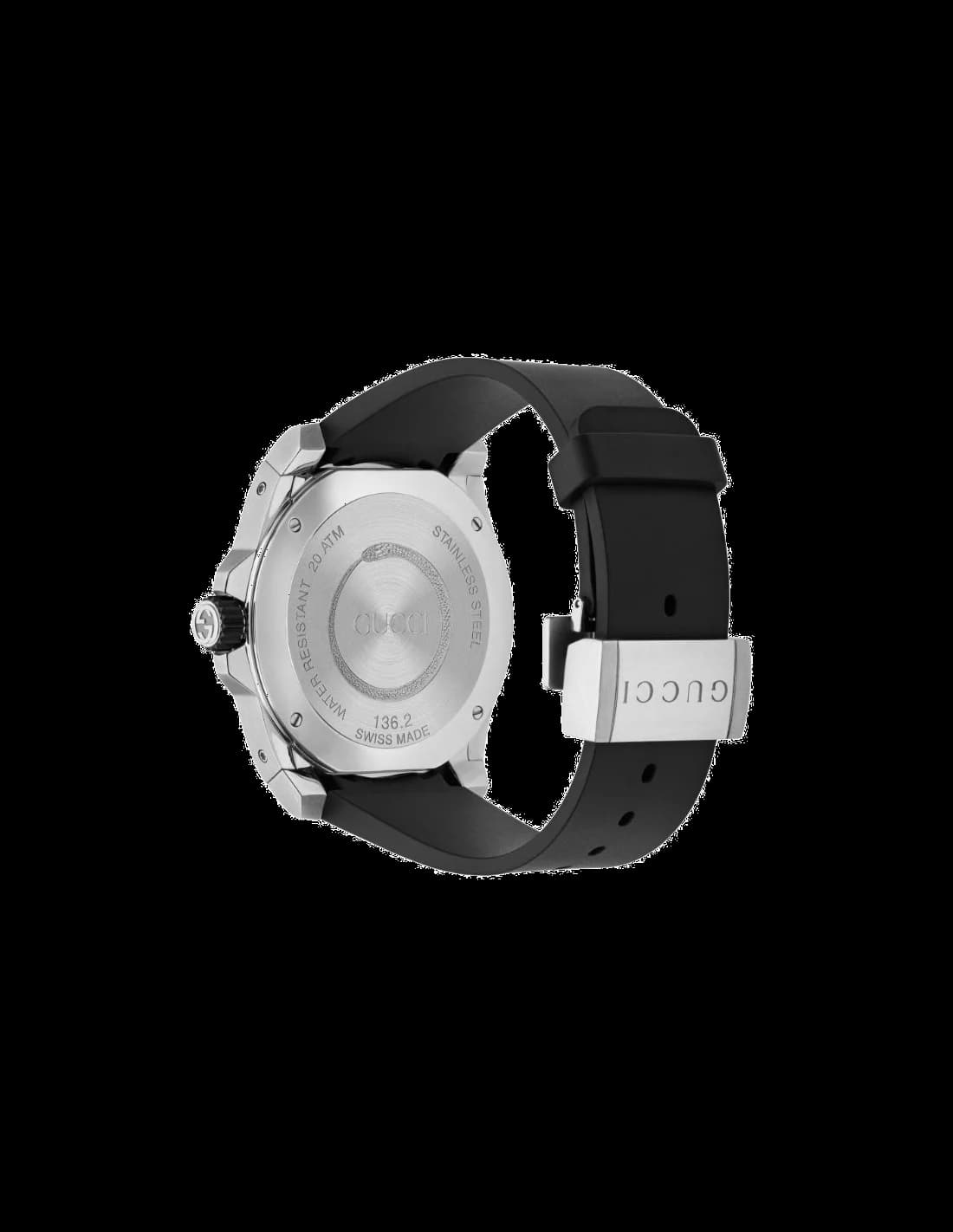 Maillons et fermoir du bracelet silicone, Gucci YA136217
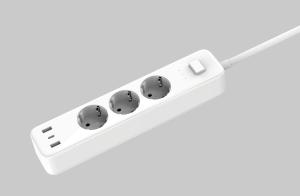 China 32W Smart Power Strip with CE Certifications and Multiple Outlets factory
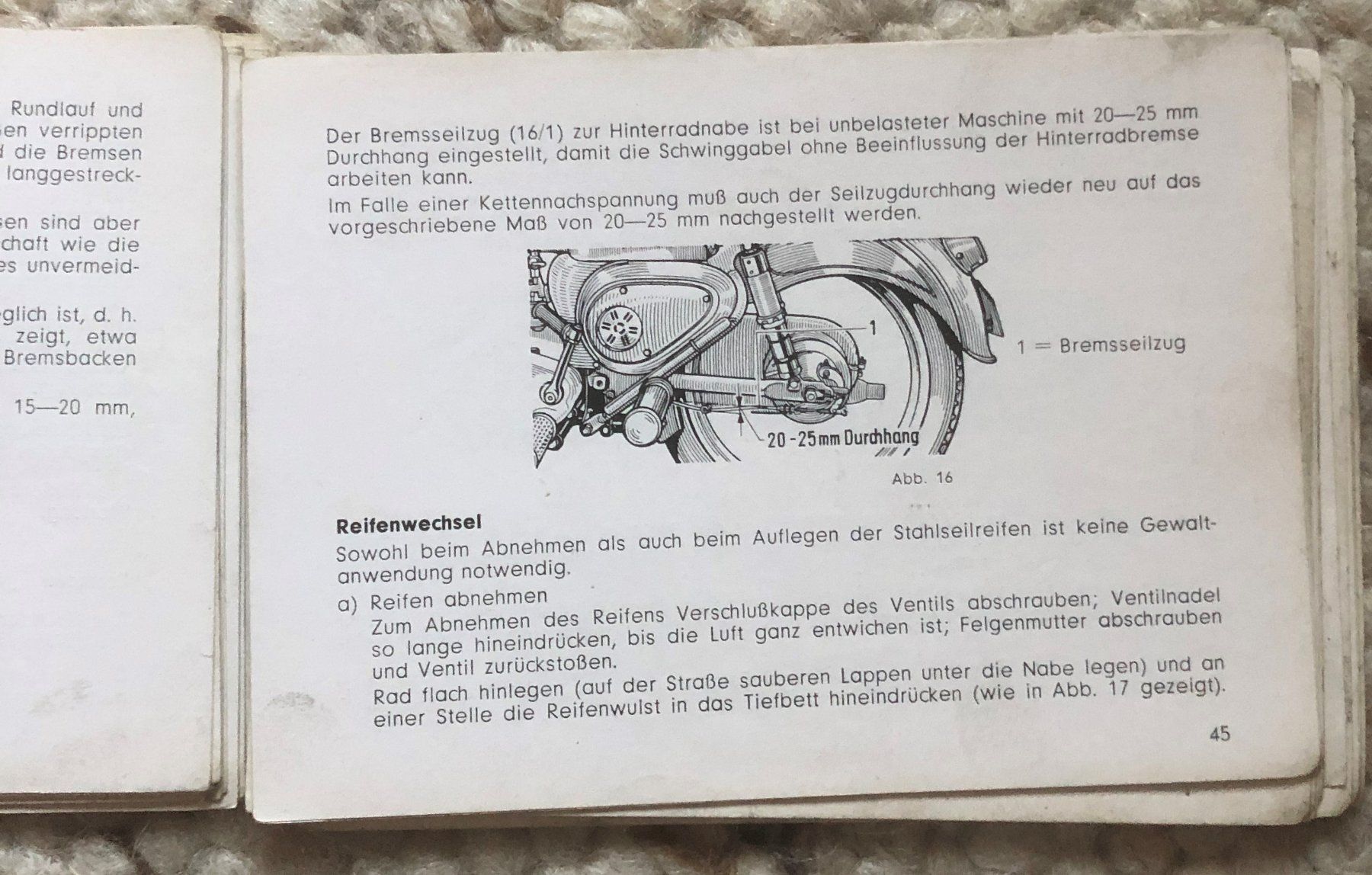Libri: Betriebshandbuch Moped Zündapp Combinette S Typ 423 – Usato da Erlinsbach SO venduto da Elmslie 5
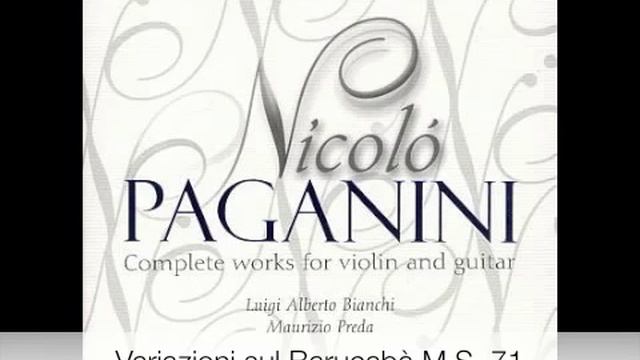 Paganini - Complete works for violin and guitar CD 3-8 (Centone di sonate-8)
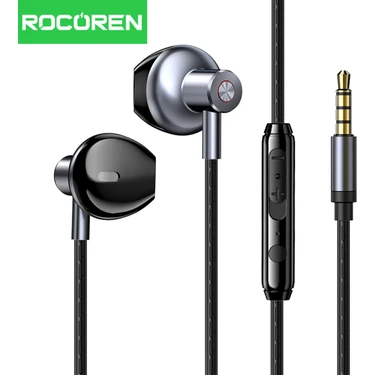 Rocoren 3.5mm Jack Girişli Mikrofonlu Kablolu Kulak Içi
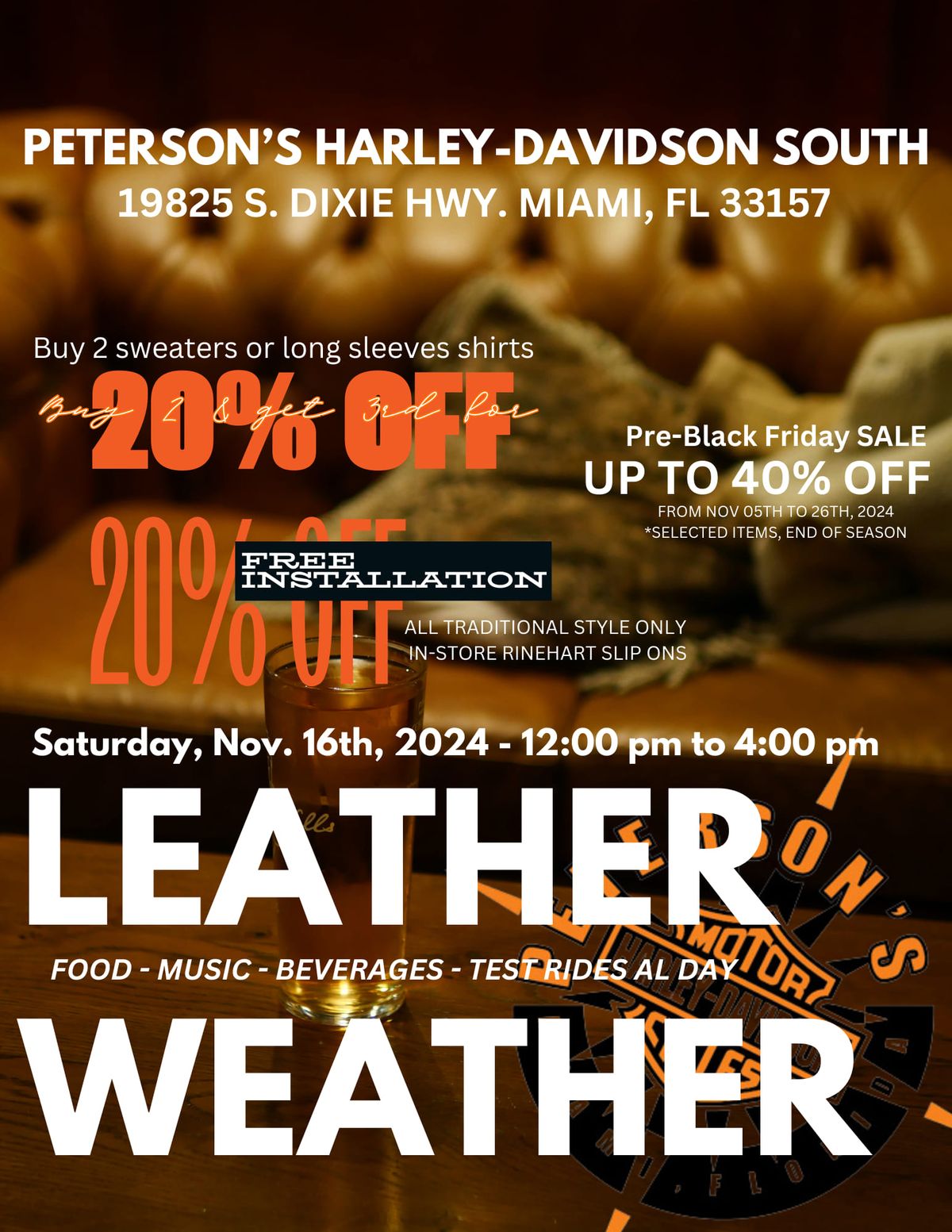 Leather Weather at Peterson's HD South!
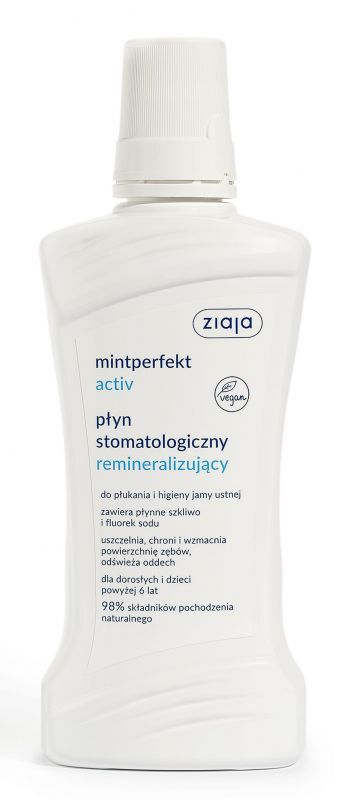 ZIAJA MINTPERFEKT ACTIV Remineralizing dental fluid 500 ml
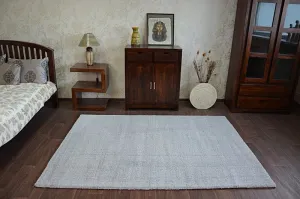 Dywany Lusczow Kusový koberec SHAGGY MICRO strieborný, veľkosť 60x100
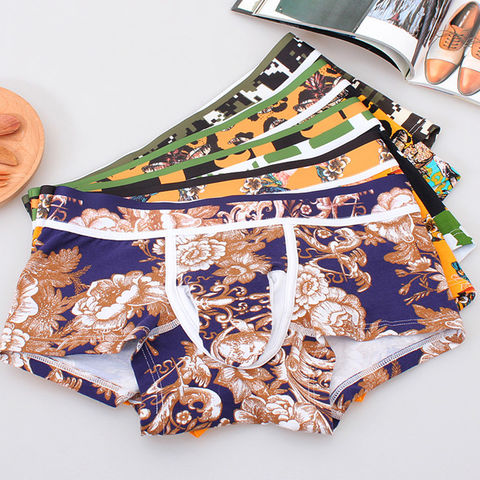 Cheap 100% Cotton Mens Briefs Plus Size Men Underwear Panties Men's  Breathable Panties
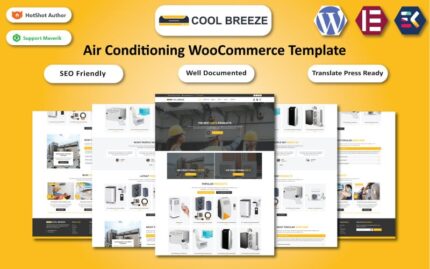 Cool Breeze - Klima WooCommerce Elementor Şablonu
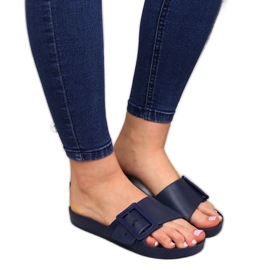 Női sötétkék habszivacs strandpapucs Big Star FF274A388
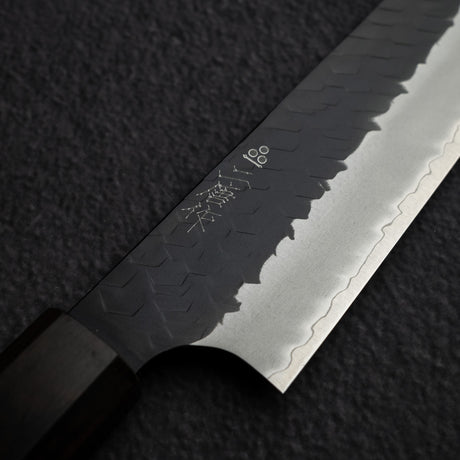 Nigara SG2 Kurouchi Tsuchime K-Tip Sujihiki 255mm Ebony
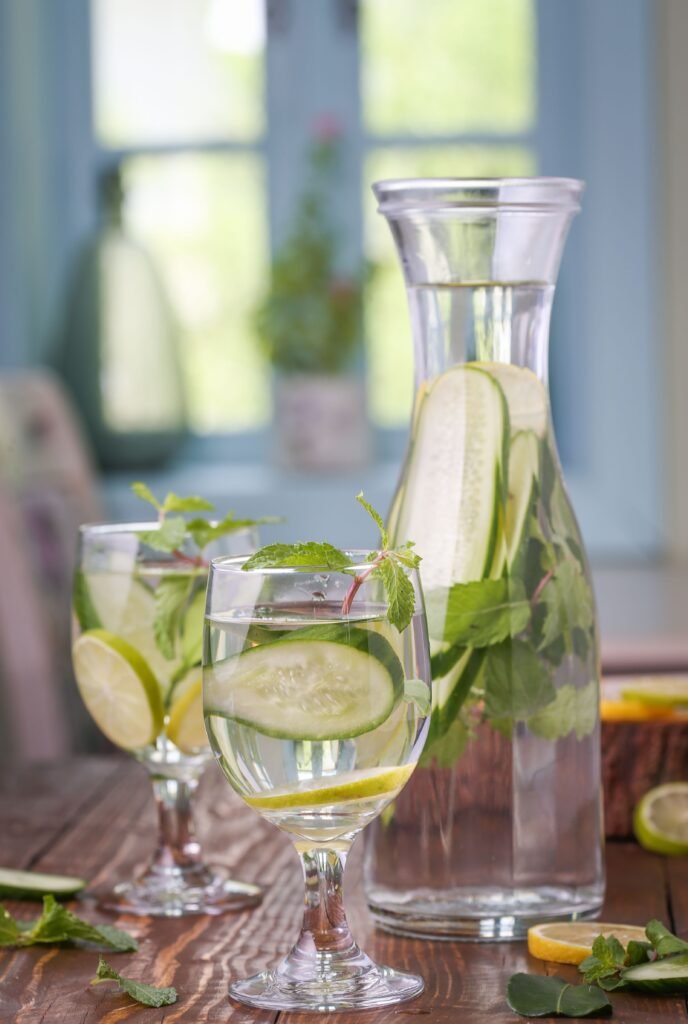 benefits of drinking water with lemon and cucumber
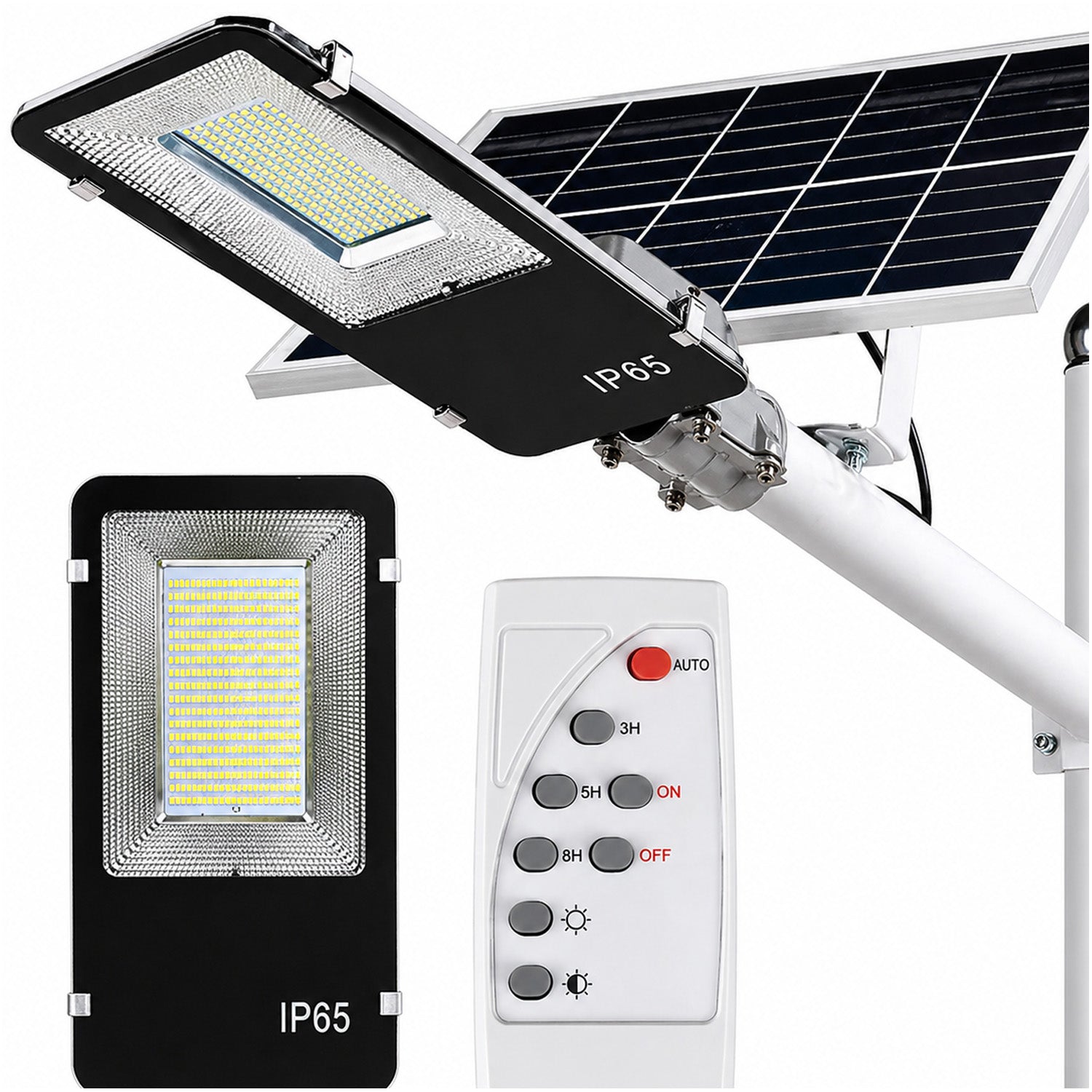 STRONG SOLAR LED STREET LAMP 3200W LANTERN FOR POLE SET WITH REMOTE CONTROL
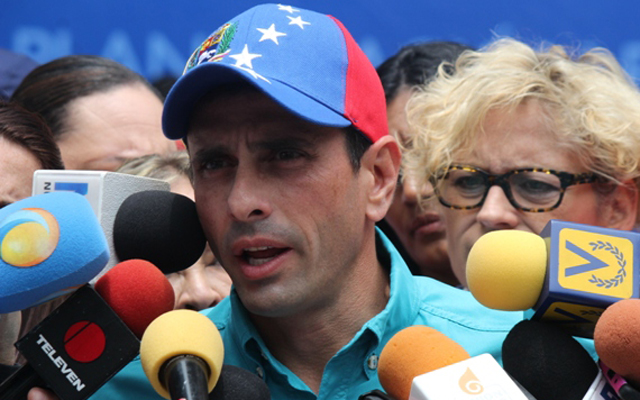 Capriles: Gobierno apela al miedo para impedir que el pueblo se exprese por el cambio
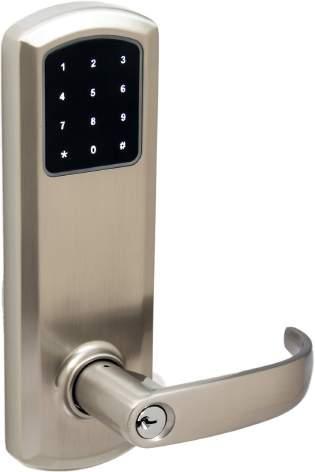 keycard Standard 12-key touch keypad Low battery warning MECHANICAL SPECIFICATIONS D11 Lever - No Key Cylinder Option Interconnect mechanism on both inside and outside trims Single motion egress from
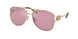 ZVN50D - Gold - Dark Pink Mirror Internal Silver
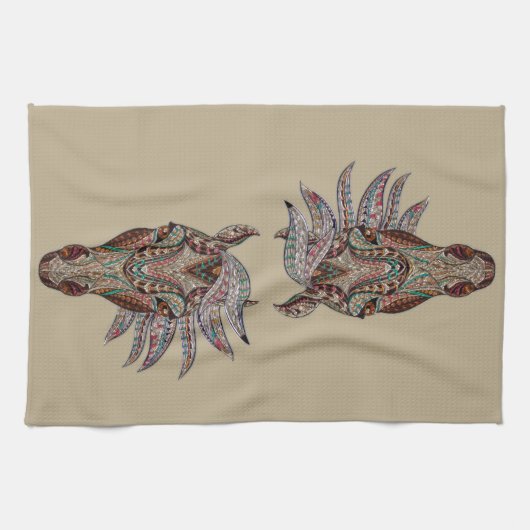 Magnificant paard theedoek (Horizontaal)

= = =

• _Problem statement_
Repeat the data exactly, dropping every picture it holds.

• _Answer box_
 Maillons et fermoir du bracelet silicone, Gucci YA136217
 China 32W Smart Power Strip with CE Certifications and Multiple Outlets factory
Libri: Betriebshandbuch Moped Zündapp Combinette S Typ 423 – Usato da Erlinsbach SO venduto da Elmslie 5
 Paganini - Complete works for violin and guitar CD 3-8 (Centone di sonate-8)
 Rocoren 3.5mm Jack Girişli Mikrofonlu Kablolu Kulak Içi
 Leather Weather at Peterson's HD South!
 ZIAJA MINTPERFEKT ACTIV Remineralizing dental fluid 500 ml
 Dywany Lusczow Kusový koberec SHAGGY MICRO strieborný, veľkosť 60x100
 Cheap 100% Cotton Mens Briefs Plus Size Men Underwear Panties Men's  Breathable Panties
 Cool Breeze - Klima WooCommerce Elementor Şablonu
 Női sötétkék habszivacs strandpapucs Big Star FF274A388
 Nigara SG2 Kurouchi Tsuchime K-Tip Sujihiki 255mm Ebony
 benefits of drinking water with lemon and cucumber
 STRONG SOLAR LED STREET LAMP 3200W LANTERN FOR POLE SET WITH REMOTE CONTROL
 Capriles: Gobierno apela al miedo para impedir que el pueblo se exprese por el cambio
 keycard Standard 12-key touch keypad Low battery warning MECHANICAL SPECIFICATIONS D11 Lever - No Key Cylinder Option Interconnect mechanism on both inside and outside trims Single motion egress from
 ZVN50D - Gold - Dark Pink Mirror Internal Silver
 Magnificant paard theedoek (Horizontaal)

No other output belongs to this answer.